*Exercise objective:* Copy, word for word, the lines of the listing below from the line with "Woman in the snow in a park" up to and including the line with "lekarz omawiający zdjęcie". Drop the pictures.

*Exercise data:*
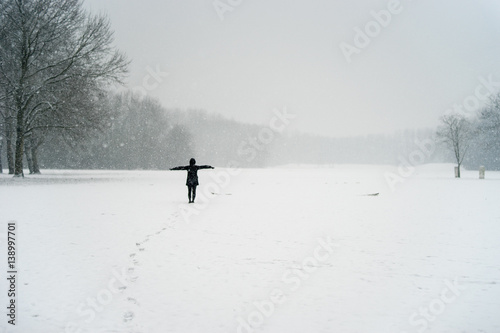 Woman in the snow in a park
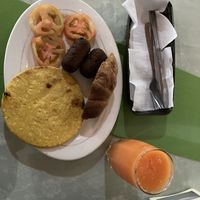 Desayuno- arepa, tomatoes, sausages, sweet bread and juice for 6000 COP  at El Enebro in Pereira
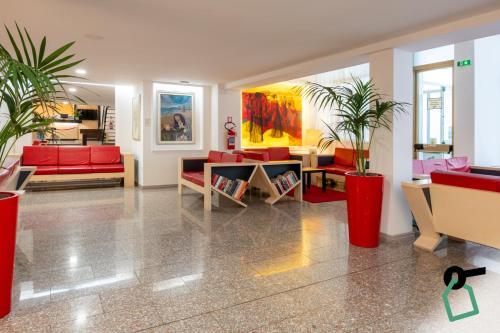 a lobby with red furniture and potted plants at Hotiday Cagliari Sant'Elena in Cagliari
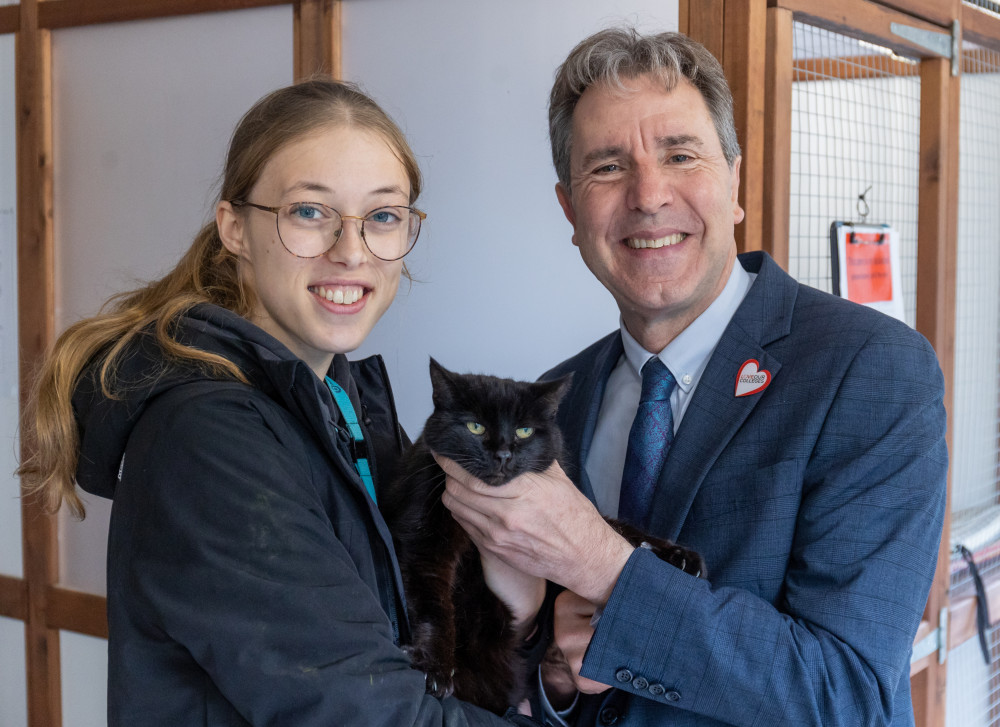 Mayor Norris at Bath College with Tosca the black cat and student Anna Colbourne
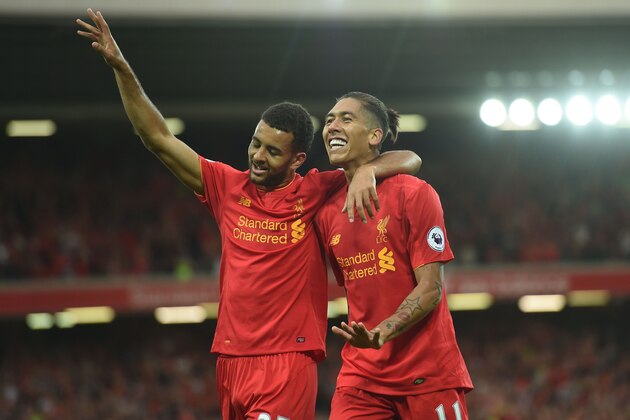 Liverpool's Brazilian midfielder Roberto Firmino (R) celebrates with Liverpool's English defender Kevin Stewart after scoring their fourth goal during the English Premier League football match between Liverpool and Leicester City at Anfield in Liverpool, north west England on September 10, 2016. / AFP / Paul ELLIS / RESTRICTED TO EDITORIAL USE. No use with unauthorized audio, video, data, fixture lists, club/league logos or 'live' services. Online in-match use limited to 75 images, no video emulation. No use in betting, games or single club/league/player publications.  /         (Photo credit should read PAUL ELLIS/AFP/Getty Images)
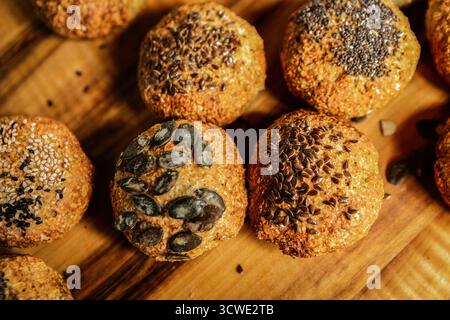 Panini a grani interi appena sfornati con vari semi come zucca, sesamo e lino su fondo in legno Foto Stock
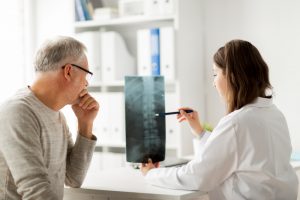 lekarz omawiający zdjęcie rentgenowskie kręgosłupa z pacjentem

---

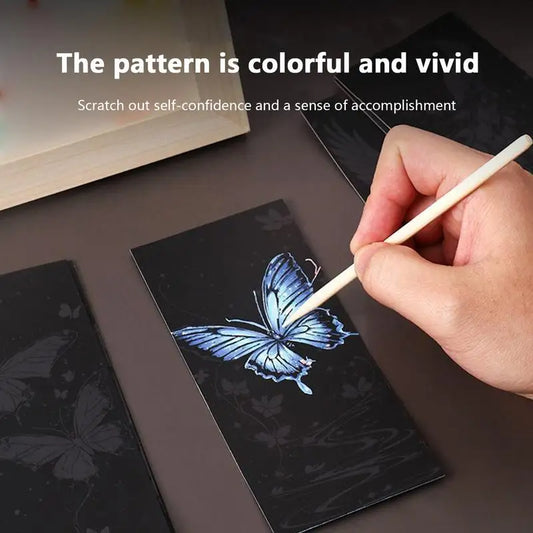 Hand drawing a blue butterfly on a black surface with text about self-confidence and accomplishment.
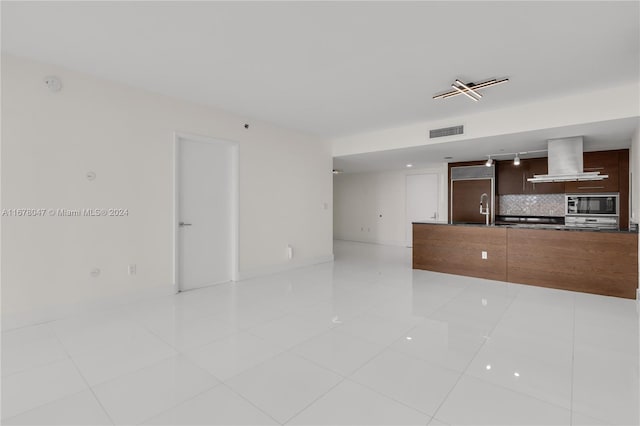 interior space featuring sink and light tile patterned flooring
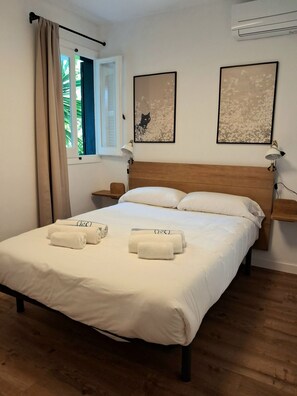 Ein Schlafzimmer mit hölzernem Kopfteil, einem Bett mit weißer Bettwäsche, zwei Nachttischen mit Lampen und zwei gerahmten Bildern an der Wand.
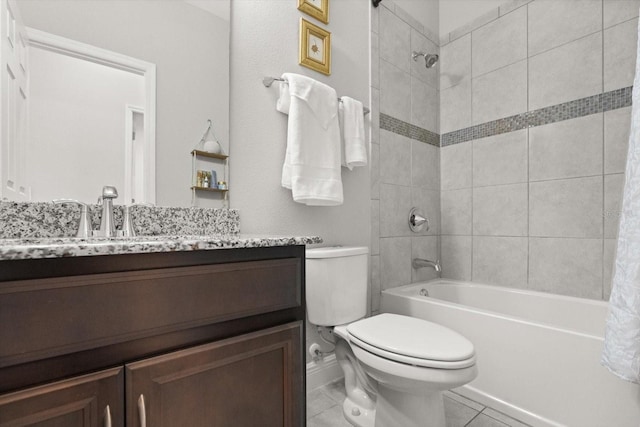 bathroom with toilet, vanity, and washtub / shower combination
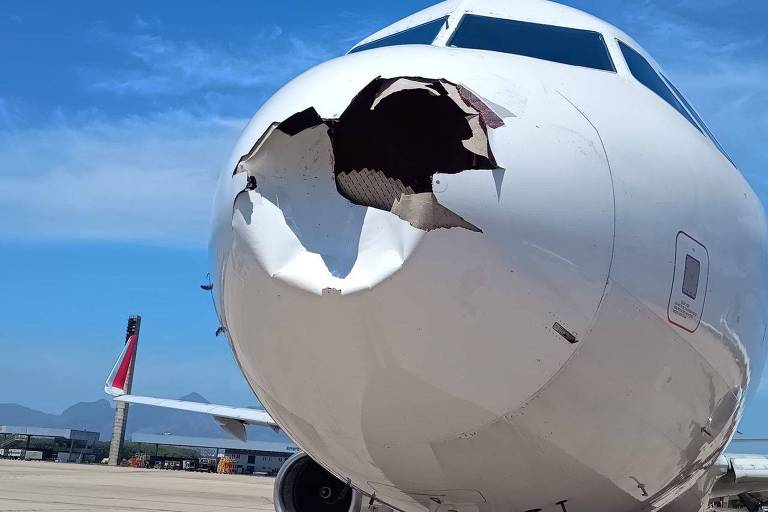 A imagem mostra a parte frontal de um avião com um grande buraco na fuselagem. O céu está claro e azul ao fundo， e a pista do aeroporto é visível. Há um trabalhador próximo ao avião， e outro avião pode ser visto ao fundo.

==

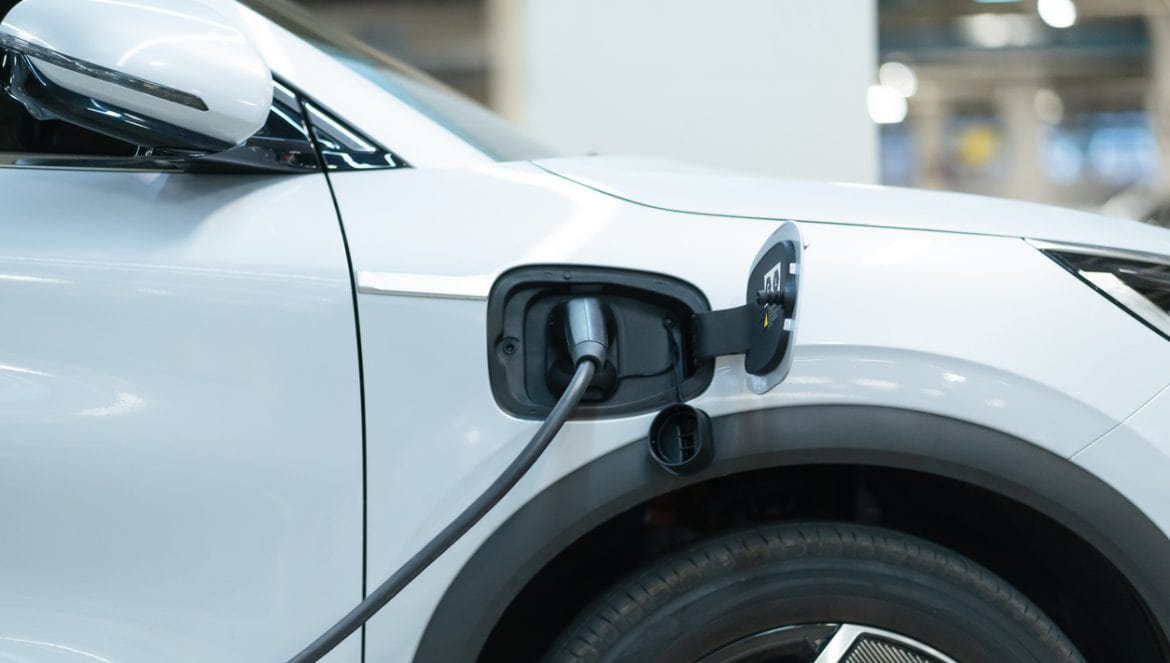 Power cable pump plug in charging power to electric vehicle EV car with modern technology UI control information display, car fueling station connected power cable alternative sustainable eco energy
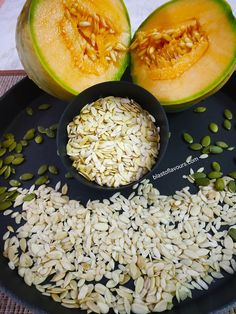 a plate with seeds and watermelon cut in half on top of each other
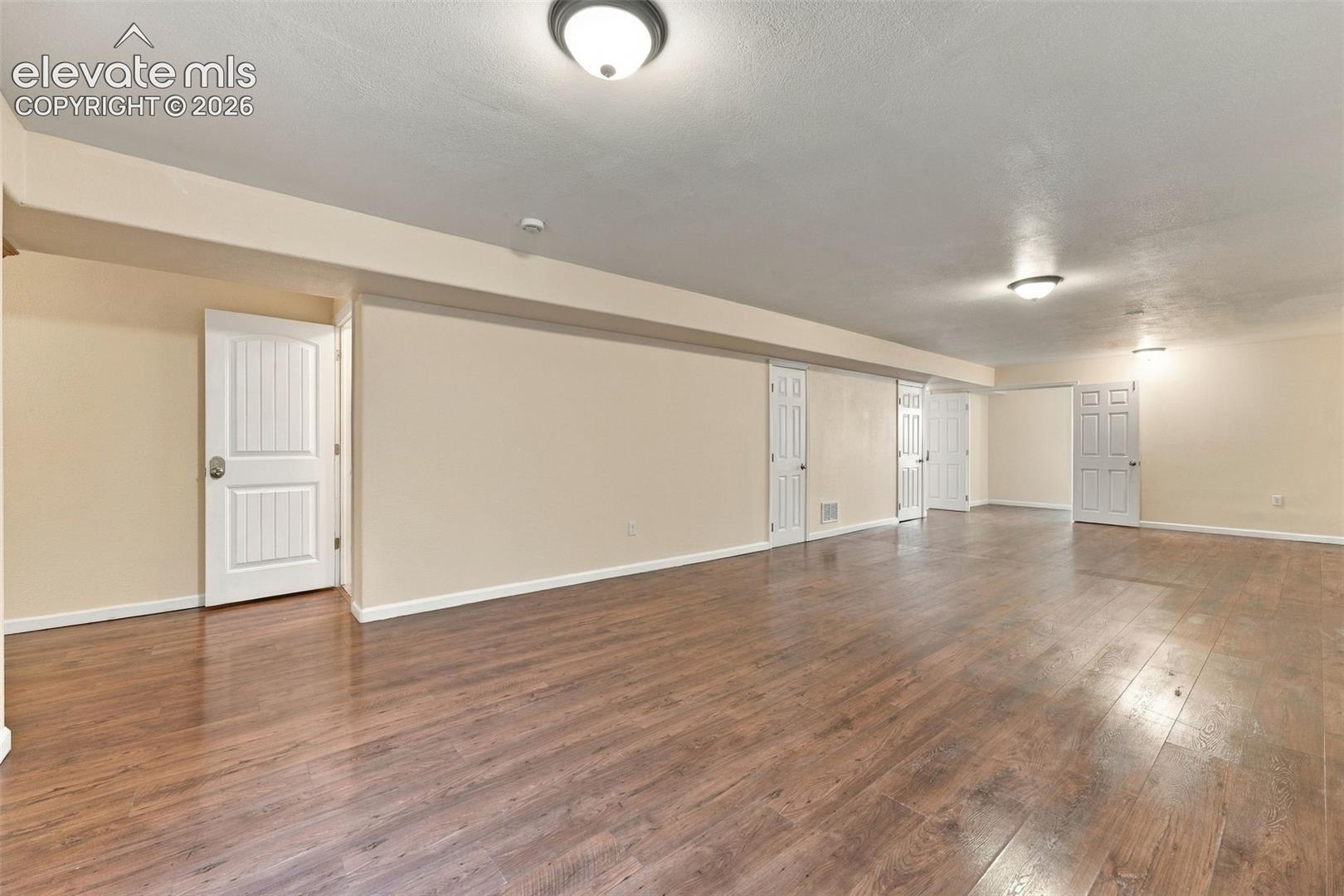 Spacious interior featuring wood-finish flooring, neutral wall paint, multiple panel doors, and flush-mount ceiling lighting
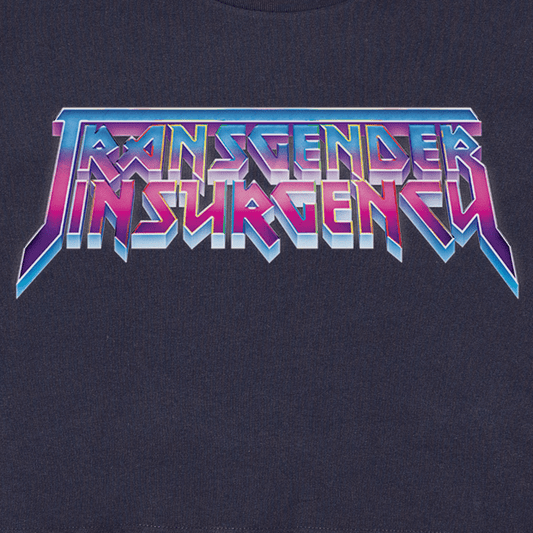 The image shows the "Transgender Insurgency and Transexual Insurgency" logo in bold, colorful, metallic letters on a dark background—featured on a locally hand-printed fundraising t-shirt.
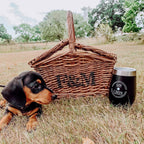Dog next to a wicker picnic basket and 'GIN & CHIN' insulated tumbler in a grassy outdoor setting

*Task solution:*
 Woman in the snow in a park
 Desayuno- arepa, tomatoes, sausages, sweet bread and juice for 6000 COP  at El Enebro in Pereira
 a lobby with red furniture and potted plants at Hotiday Cagliari Sant'Elena in Cagliari
 Mayor Norris at Bath College with Tosca the black cat and student Anna Colbourne
 Liverpool's Brazilian midfielder Roberto Firmino (R) celebrates with Liverpool's English defender Kevin Stewart after scoring their fourth goal during the English Premier League football match between Liverpool and Leicester City at Anfield in Liverpool, north west England on September 10, 2016. / AFP / Paul ELLIS / RESTRICTED TO EDITORIAL USE. No use with unauthorized audio, video, data, fixture lists, club/league logos or 'live' services. Online in-match use limited to 75 images, no video emulation. No use in betting, games or single club/league/player publications.  /         (Photo credit should read PAUL ELLIS/AFP/Getty Images)
 Panini a grani interi appena sfornati con vari semi come zucca, sesamo e lino su fondo in legno Foto Stock
 lekarz omawiający zdjęcie rentgenowskie kręgosłupa z pacjentem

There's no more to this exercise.